-- Records for processing follows --

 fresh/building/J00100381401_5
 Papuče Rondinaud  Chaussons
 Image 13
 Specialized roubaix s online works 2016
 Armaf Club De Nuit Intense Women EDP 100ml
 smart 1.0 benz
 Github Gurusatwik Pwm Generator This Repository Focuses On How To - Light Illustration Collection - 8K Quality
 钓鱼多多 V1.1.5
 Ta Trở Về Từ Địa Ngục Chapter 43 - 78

-- Records for processing concluded --
-- Records for processing follows --

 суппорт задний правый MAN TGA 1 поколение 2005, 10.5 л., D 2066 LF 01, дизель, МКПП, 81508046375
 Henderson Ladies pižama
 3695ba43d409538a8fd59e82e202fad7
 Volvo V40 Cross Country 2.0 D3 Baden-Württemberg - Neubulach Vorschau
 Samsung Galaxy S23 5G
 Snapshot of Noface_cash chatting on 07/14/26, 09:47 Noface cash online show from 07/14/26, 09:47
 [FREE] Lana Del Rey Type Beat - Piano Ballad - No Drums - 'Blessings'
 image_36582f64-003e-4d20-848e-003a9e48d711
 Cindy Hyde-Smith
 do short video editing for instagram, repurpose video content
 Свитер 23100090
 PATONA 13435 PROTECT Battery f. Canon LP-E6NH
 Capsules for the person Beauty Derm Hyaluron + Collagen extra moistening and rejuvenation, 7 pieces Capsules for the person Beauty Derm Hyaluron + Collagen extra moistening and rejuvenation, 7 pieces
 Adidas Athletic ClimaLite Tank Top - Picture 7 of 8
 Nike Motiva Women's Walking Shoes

-- Records for processing concluded --
-- Records for processing follows --

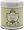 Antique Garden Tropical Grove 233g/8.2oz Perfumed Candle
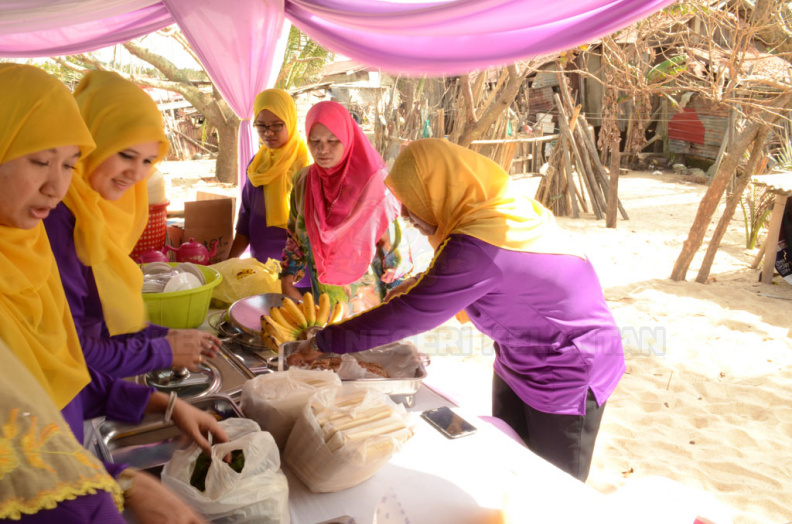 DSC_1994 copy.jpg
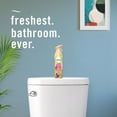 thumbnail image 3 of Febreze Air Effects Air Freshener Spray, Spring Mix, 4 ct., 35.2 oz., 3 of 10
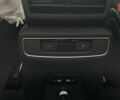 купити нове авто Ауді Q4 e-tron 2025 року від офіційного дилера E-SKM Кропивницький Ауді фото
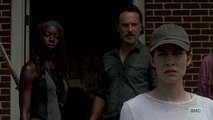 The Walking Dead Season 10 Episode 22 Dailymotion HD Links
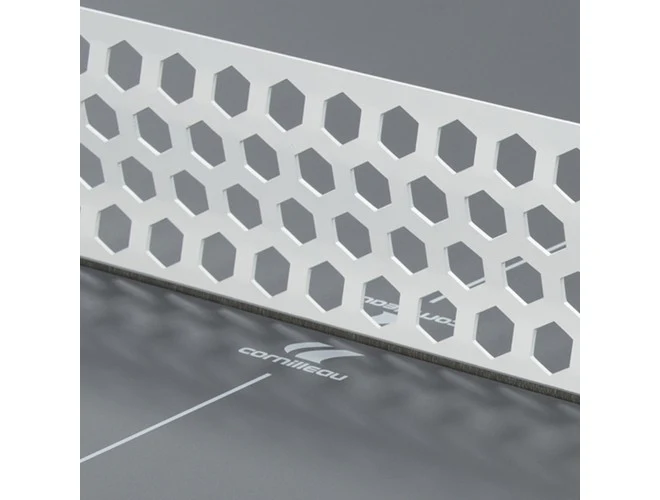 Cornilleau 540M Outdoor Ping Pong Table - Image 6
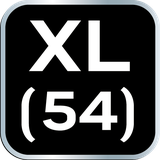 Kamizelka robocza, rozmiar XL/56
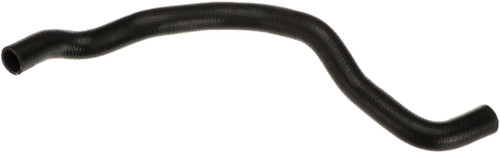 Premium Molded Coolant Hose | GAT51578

-- Records for processing concluded --

Aim of the exercise
Exactly how many lines of the data above hold the word "online"? The number is the whole answer.

Solution to this problem
2